↓↓↓

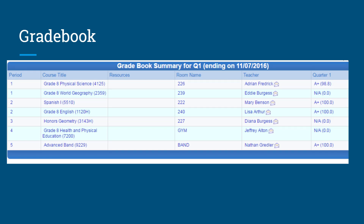When you click on the gradebook link, you'll be taken to a screen that looks like this. From here, you can click on either the course title or on the average grade for the course, and that will bring you all the information you need about specific assignments for that class.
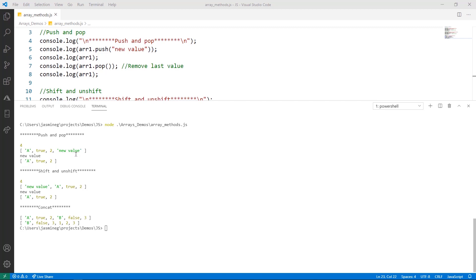Pop will return the last item in the array and remove it from the array. If I print it, I see that that string is now gone.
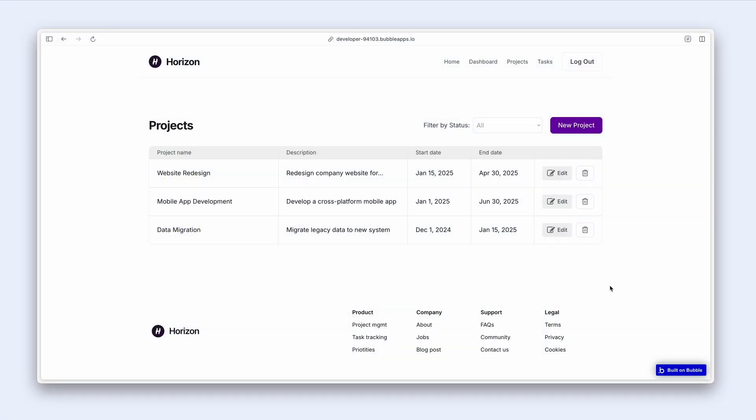We can use tables to display dynamic data from the database. The table element provides a much more structured approach for displaying our data. In this project view, we can see that the columns are nicely aligned to make sure we can see all of the data very clearly, and we also have some buttons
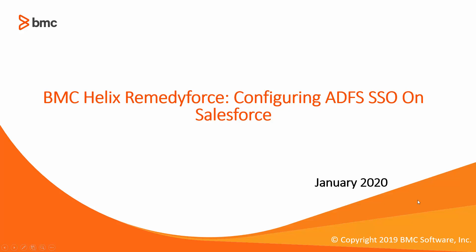Hello and welcome to today's video on BMC Helix RemedyForce YouTube channel. Today we're going to see how to configure ADFS single sign-on on Salesforce.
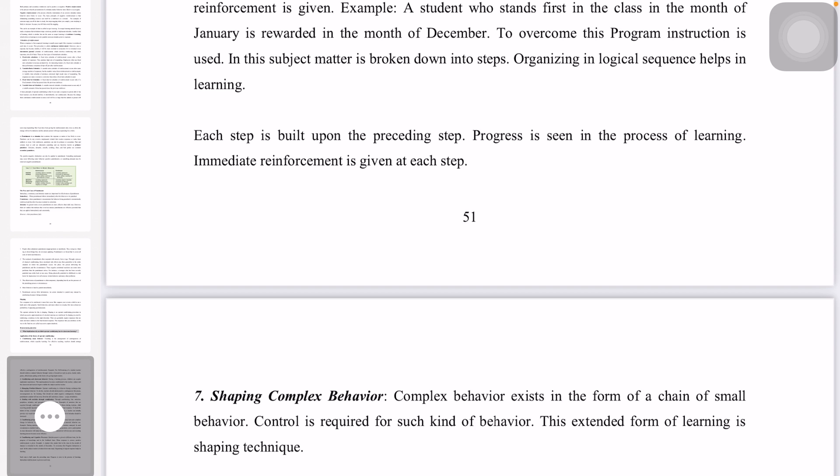The behavior of a complex behavior is built as a chain of small behaviors. When someone needs to control the system, we use a series of small behavior steps. The overall behavior can be very complex, but it is broken down gradually.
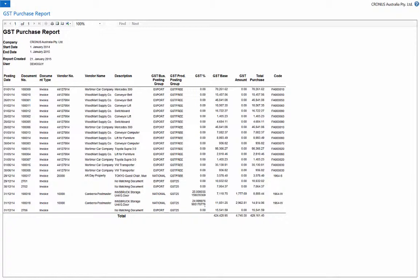The GST charge for each invoice is clear to the user. The GST percentage, GST amount and total purchases are the most useful to the user, where the GST product posting group defines the GST charged per order.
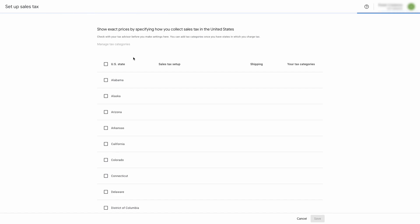Here, by default, the nexus settings for all states are disabled, which means no sales tax is charged for any state. Let's assume that you operate from the state of California.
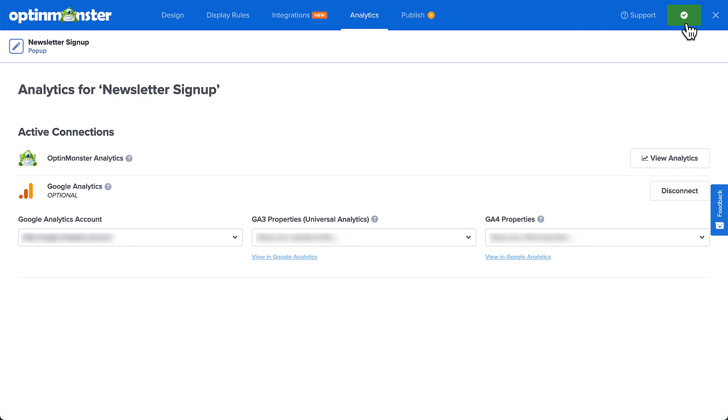That's how you set it up on an individual basis. Now, let's take a look at how you can assign a default Google Analytics integration for all new campaigns you create.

↑↑↑

» WHAT YOU SHOULD DO: Every line from the one containing "Pop will return" through the last line of the listing must be written out again exactly, and no other line. Leave the pictures aside.

» YOUR SOLUTION:
Pop will return the last item in the array and remove it from the array. If I print it, I see that that string is now gone.
We can use tables to display dynamic data from the database. The table element provides a much more structured approach for displaying our data. In this project view, we can see that the columns are nicely aligned to make sure we can see all of the data very clearly, and we also have some buttons
Hello and welcome to today's video on BMC Helix RemedyForce YouTube channel. Today we're going to see how to configure ADFS single sign-on on Salesforce.
The behavior of a complex behavior is built as a chain of small behaviors. When someone needs to control the system, we use a series of small behavior steps. The overall behavior can be very complex, but it is broken down gradually.
The GST charge for each invoice is clear to the user. The GST percentage, GST amount and total purchases are the most useful to the user, where the GST product posting group defines the GST charged per order.
Here, by default, the nexus settings for all states are disabled, which means no sales tax is charged for any state. Let's assume that you operate from the state of California.
That's how you set it up on an individual basis. Now, let's take a look at how you can assign a default Google Analytics integration for all new campaigns you create.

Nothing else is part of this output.